**TRY IT:**
In the entries below, find the line with "Birds and Wildlife Collection" and transcribe it and every line after it exactly, through the last line, without pictures.

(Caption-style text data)
__________________________________________________
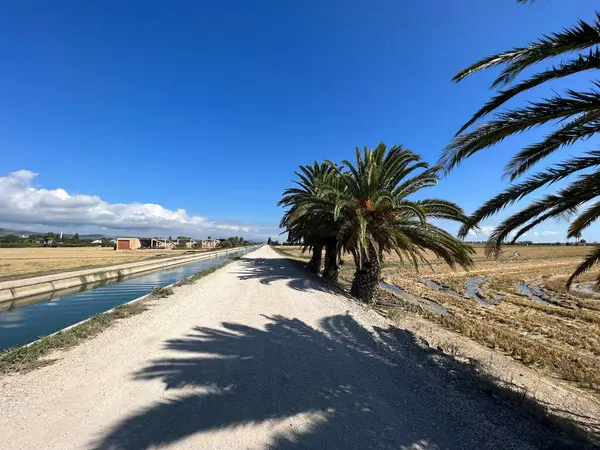 İspanya 'da Camarles çevresindeki yol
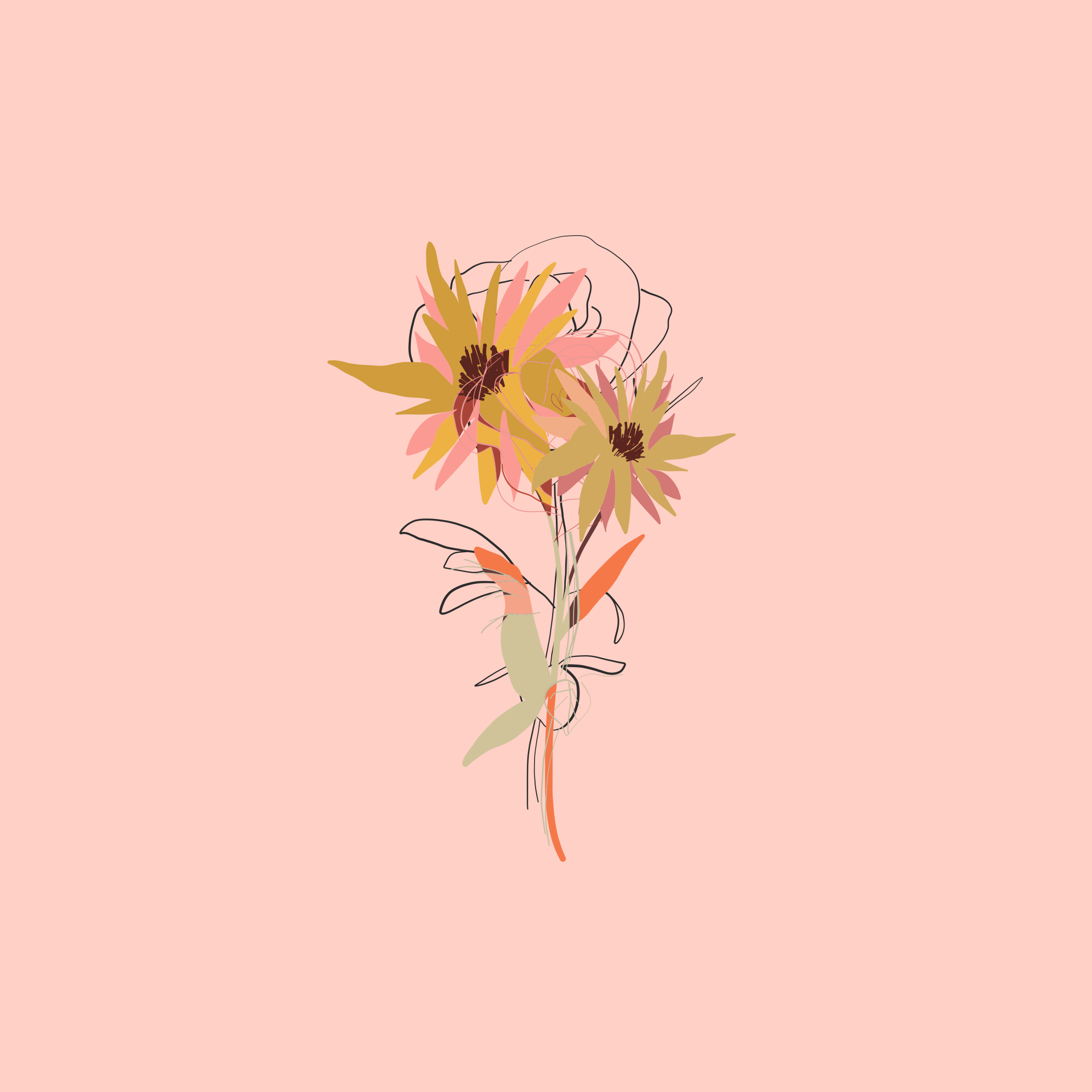 IMG_3092.PNG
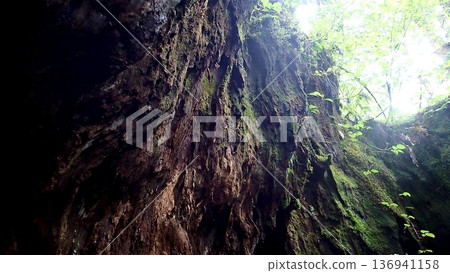鹿兒島縣屋久島威爾遜樹樁上的一個非心形孔洞 136941158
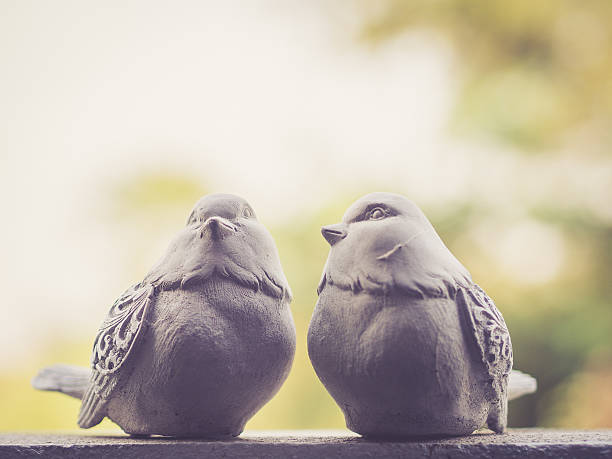 Birds and Wildlife Collection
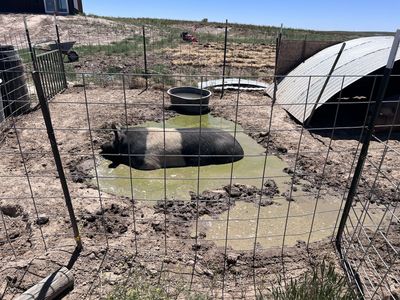 Exposed Duroc and hamp sows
__________________________________________________
**ANSWER FOR THE TASK:**
 Birds and Wildlife Collection
 Exposed Duroc and hamp sows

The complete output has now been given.